• TASK STATEMENT:
Return exactly the lines of the entries that start at the line containing "Pomeranian dogs for sale: Poppy - Ad 2" and continue to the last line. Omit the pictures.

** Opening DATASET RECORDS block **

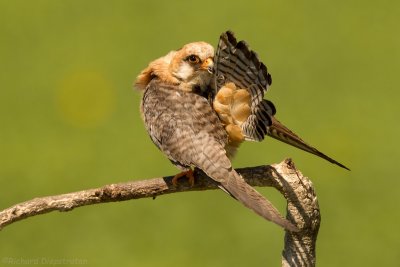 Roodpootvalk - Falco vespertinus - Red-footed Falcon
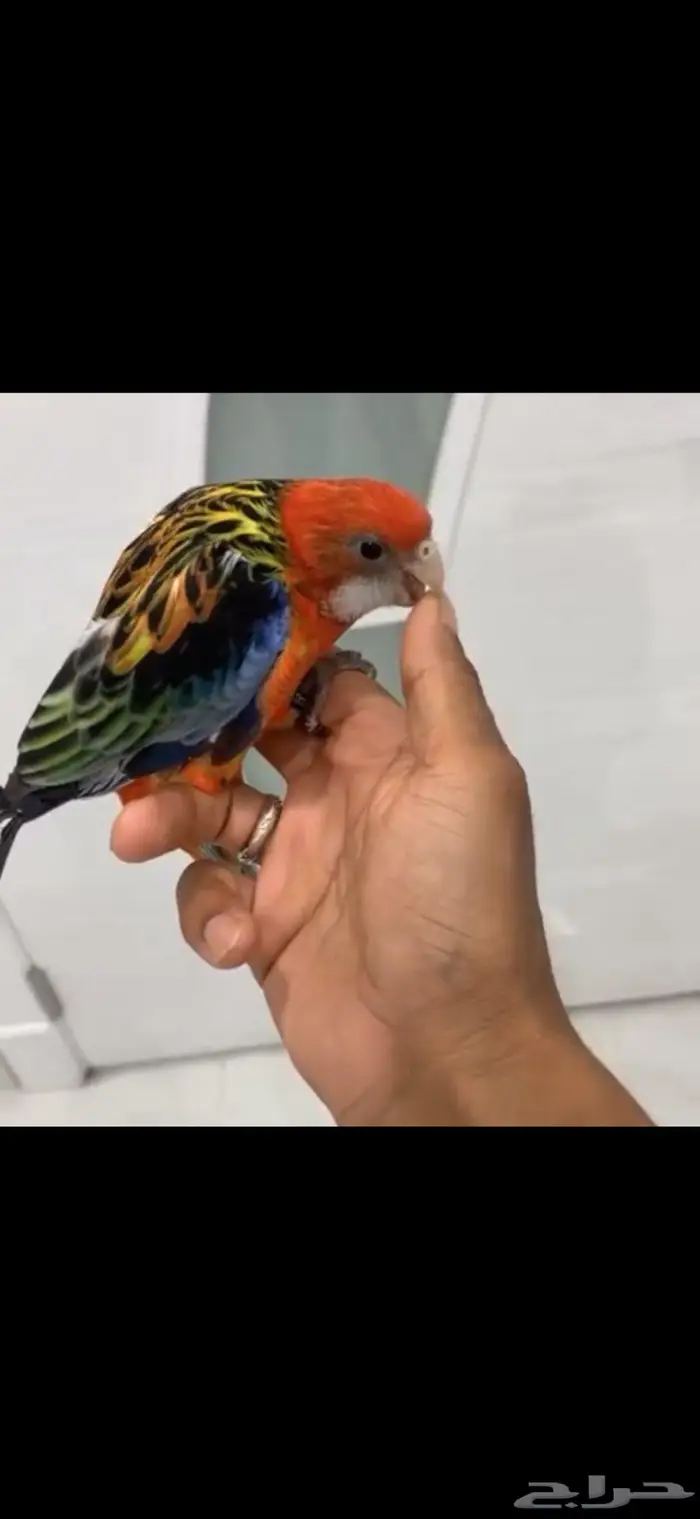 جوز روزيلا منتج و موجود صور انتاجه 1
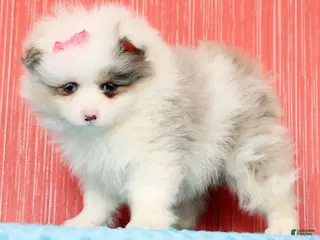 Pomeranian dogs for sale: Poppy - Ad 2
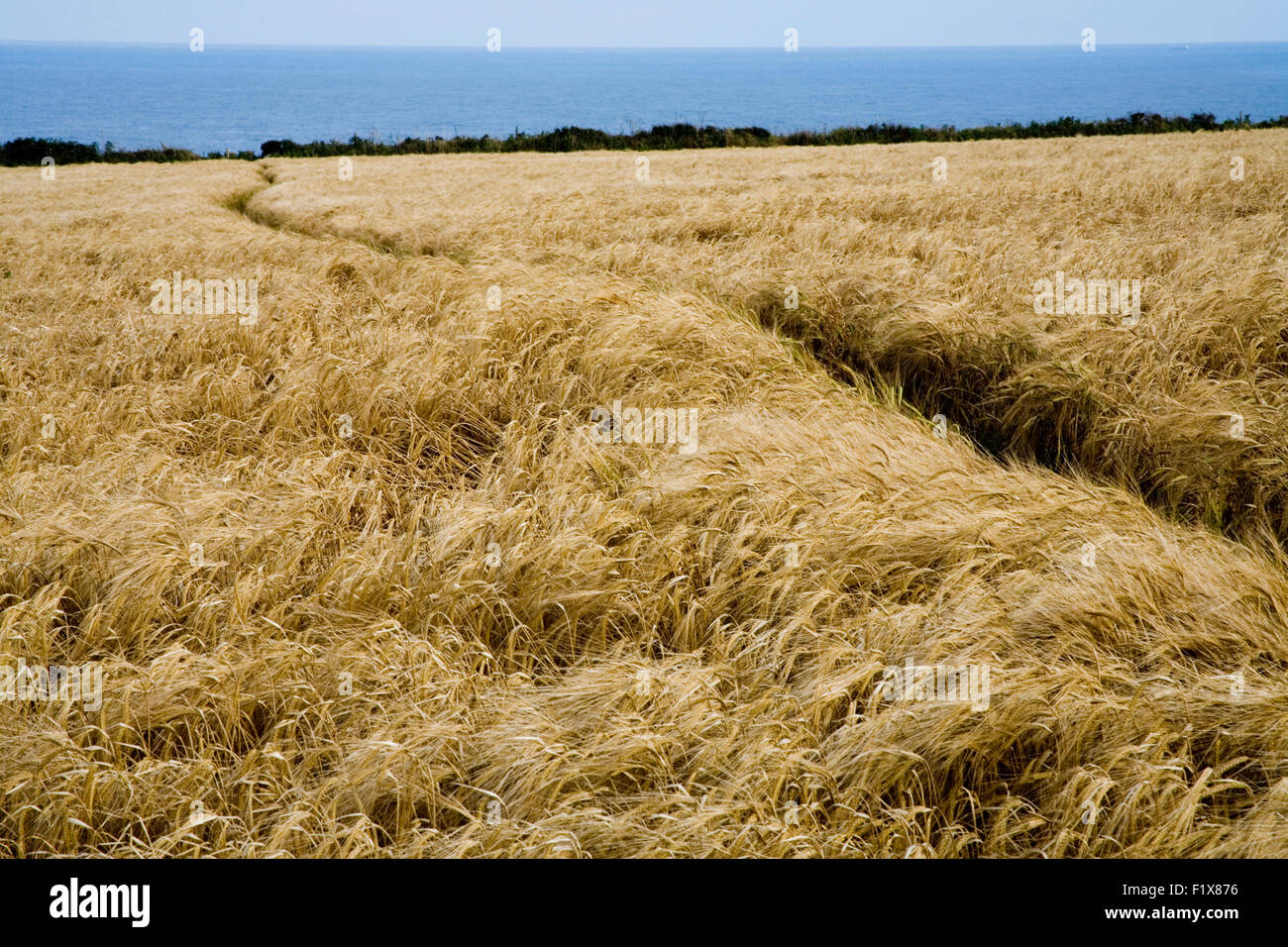 Path through Wheat field Stock Photo Alamy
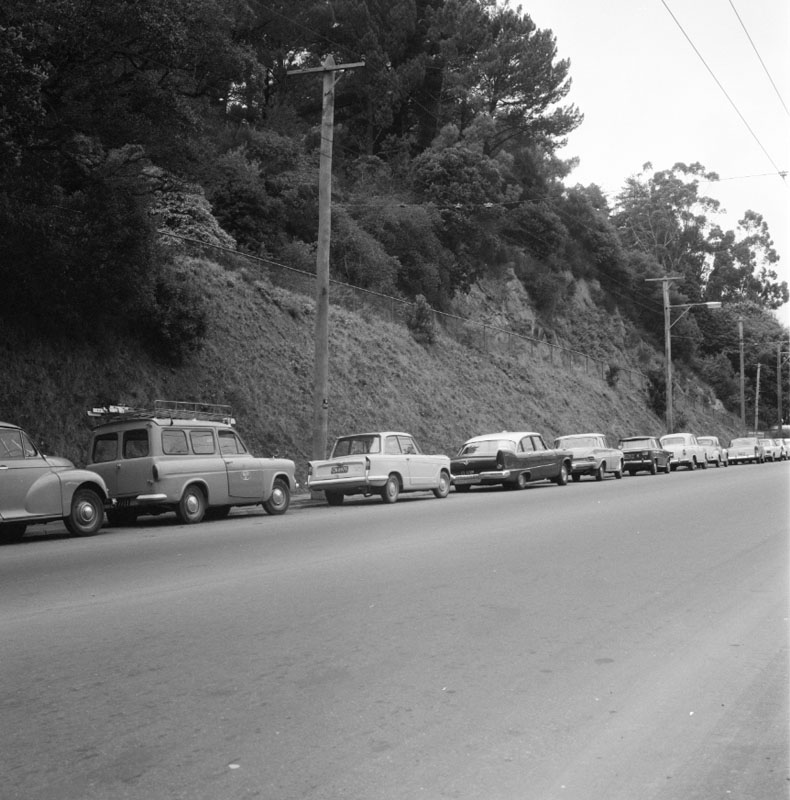 j. Clay Bank - Botanic Garden, rose garden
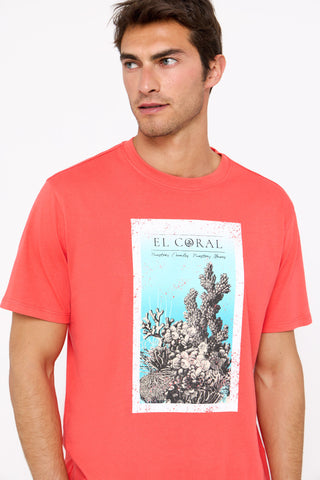 Camiseta Manga Corta con Gráfico.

** Closing DATASET RECORDS block **

• WRITTEN RESPONSE:
 Pomeranian dogs for sale: Poppy - Ad 2
 Path through Wheat field Stock Photo Alamy
 j. Clay Bank - Botanic Garden, rose garden
 Camiseta Manga Corta con Gráfico.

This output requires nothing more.